= REQUIRED WORK =
Write the listing out again exactly as it stands, with no images.

= DATASET EXCERPT =
----------------

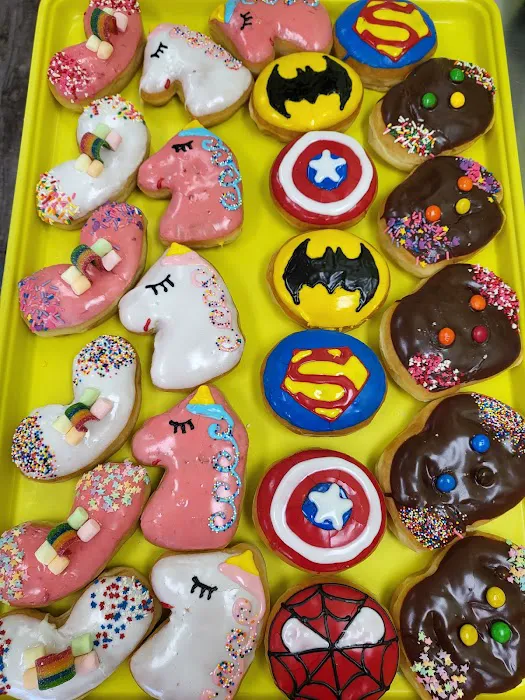 Parkway Donuts Picture 8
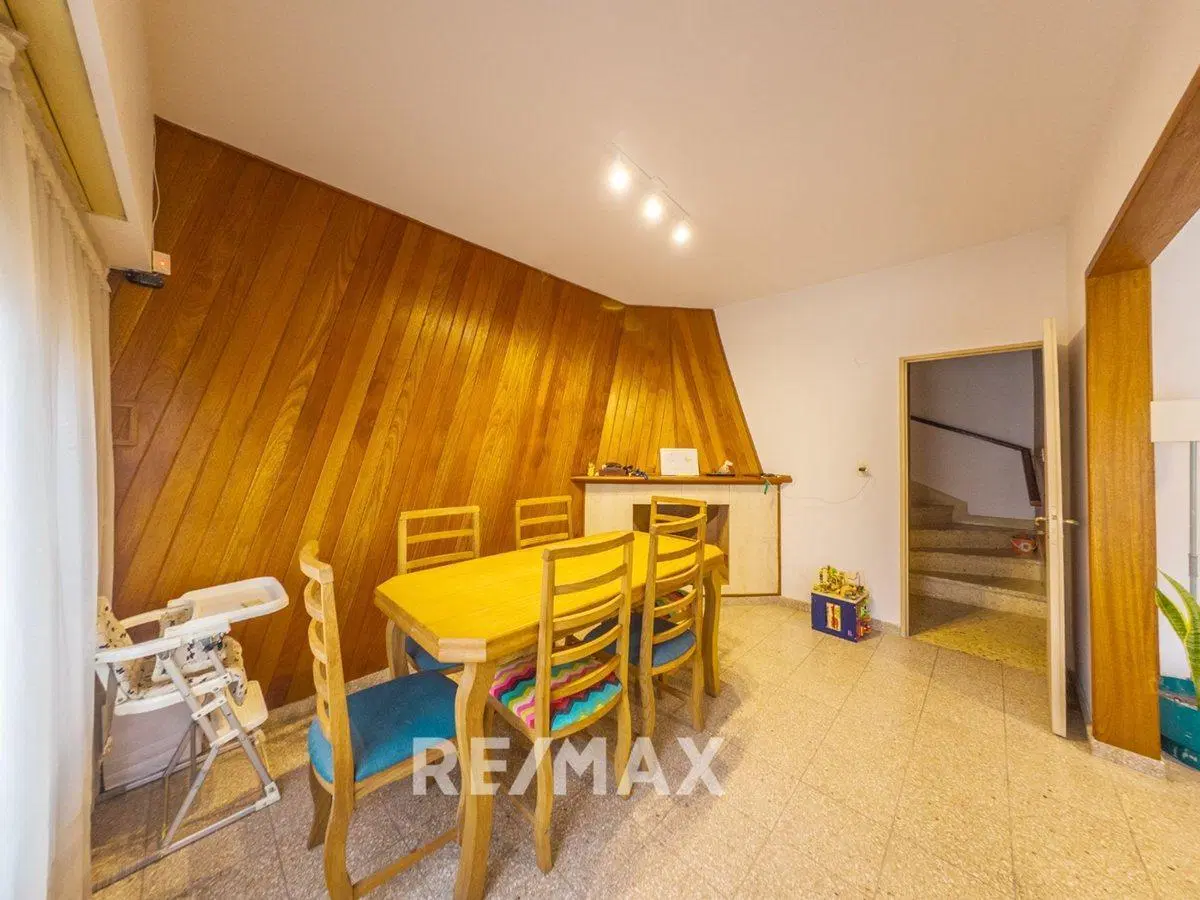 Venta Casa 3 hab. Centro Oeste de Neuquén 5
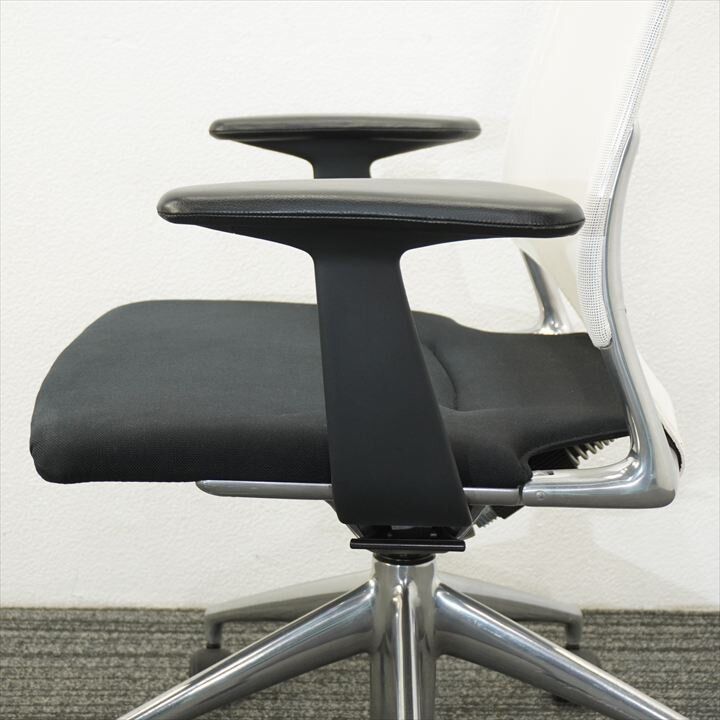 ヴィトラ メダチェア 肘付 ホワイト／ブラック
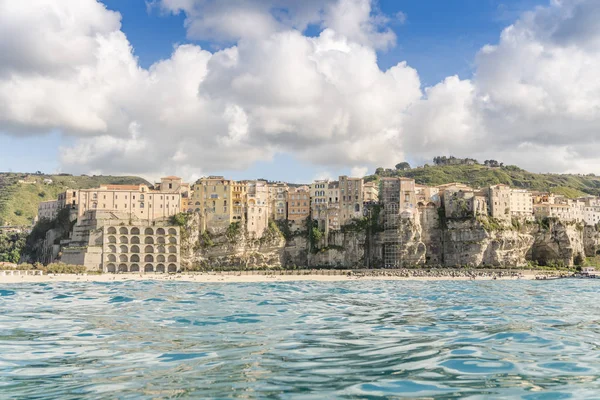 Vista aérea da bela cidade de Tropea, na Calábria, Itália — Fotografia de Stock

----------------

= SOLUTION TO THIS PROBLEM =
 Parkway Donuts Picture 8
 Venta Casa 3 hab. Centro Oeste de Neuquén 5
 ヴィトラ メダチェア 肘付 ホワイト／ブラック
 Vista aérea da bela cidade de Tropea, na Calábria, Itália — Fotografia de Stock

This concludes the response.